The answer must be the lines from the one that holds "mom-to-be Papieren Bordje" through the final line of the data, copied exactly, with no pictures.

= = = = =

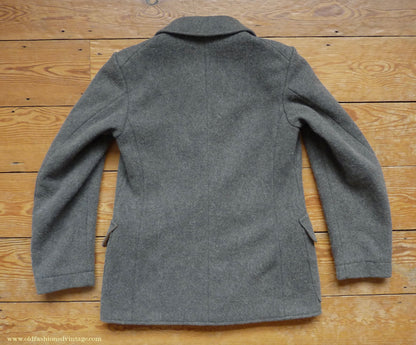 Vintage Mens 1930s 1940s European Workwear Uniform Jacket Heavyweight Grey Brown Wool Patch Pockets 36" 38"
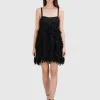 Semi-Transparentes Mini-Kleid Harlow mit Fransen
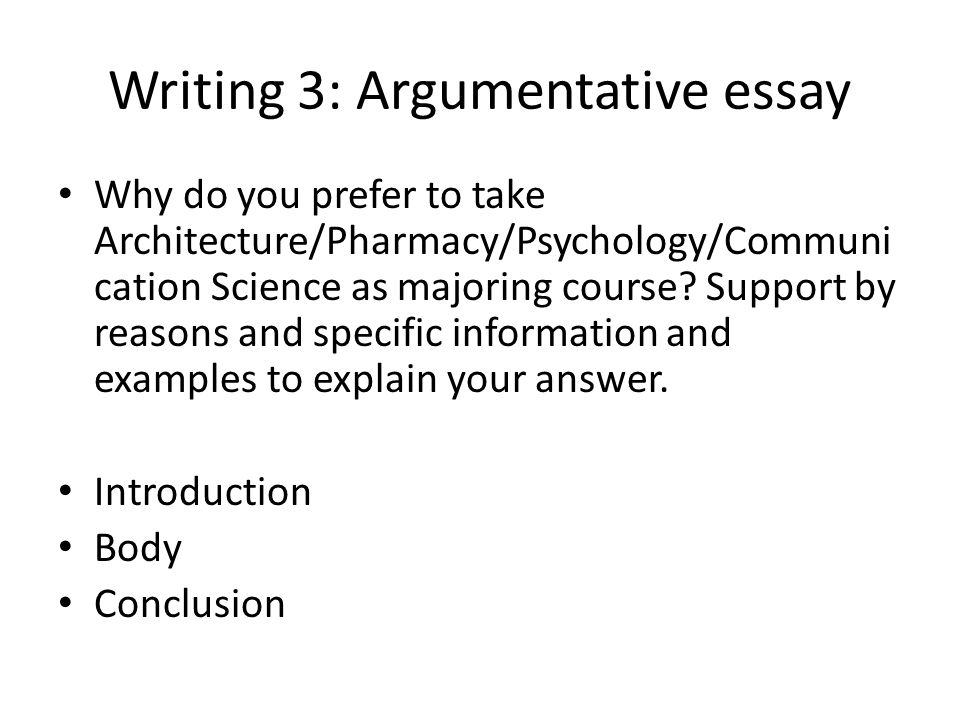 Writing 3: Argumentative essay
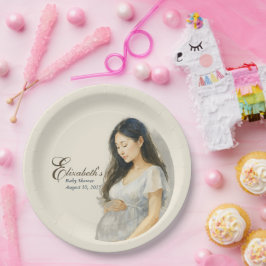 Boho Elegant  baby shower asian mom-to-be Papieren Bordje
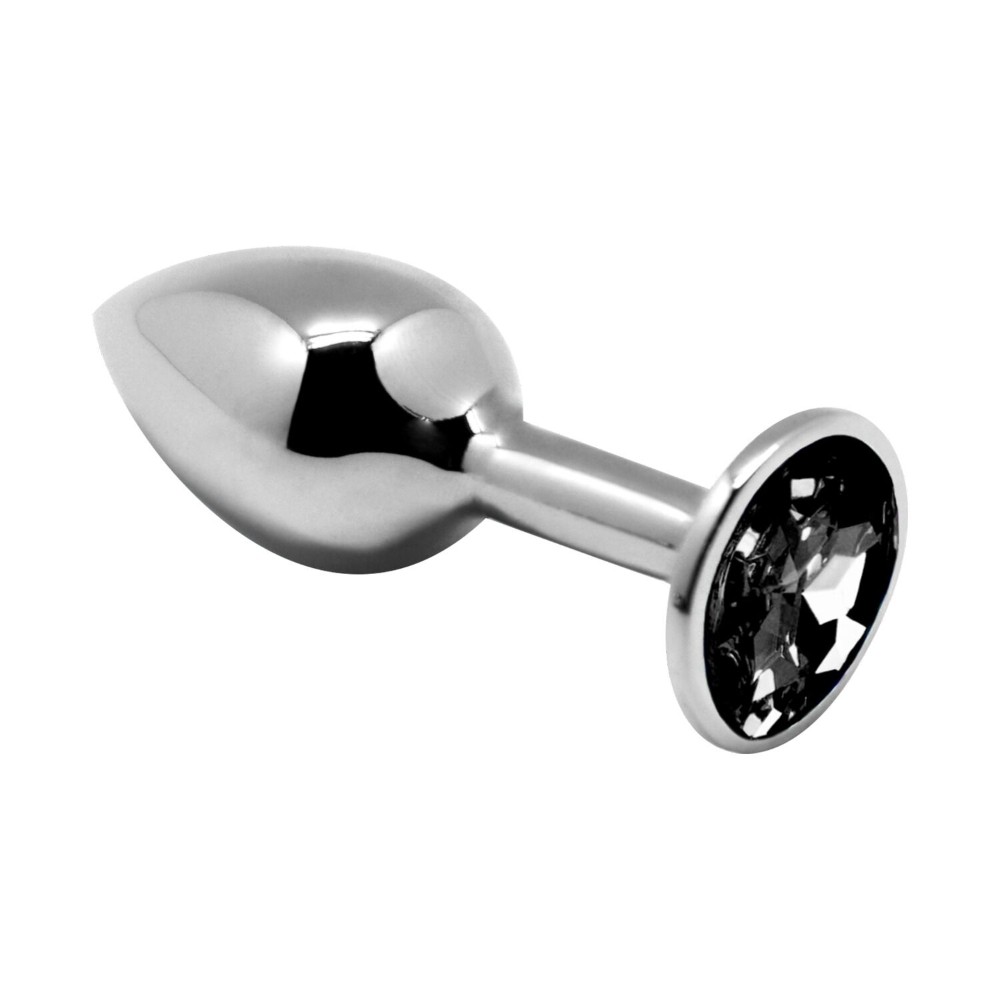 Металева анальна пробка з кристалом Alive Mini Metal Butt Plug Black L - зображення 1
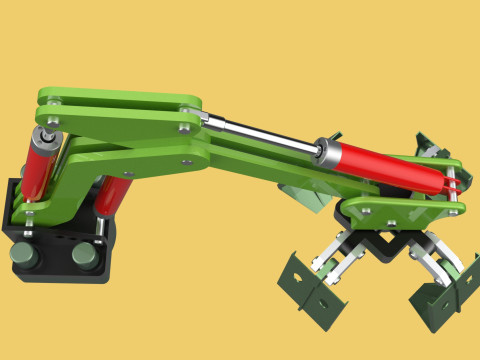 HYDRAULIC WOOD LOG TREE LOADER GRAB CRANE LIFTING GRABBER JAWS Modelo 3D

= = = = =

## Output of the exercise
 Boho Elegant  baby shower asian mom-to-be Papieren Bordje
 Металева анальна пробка з кристалом Alive Mini Metal Butt Plug Black L - зображення 1
 HYDRAULIC WOOD LOG TREE LOADER GRAB CRANE LIFTING GRABBER JAWS Modelo 3D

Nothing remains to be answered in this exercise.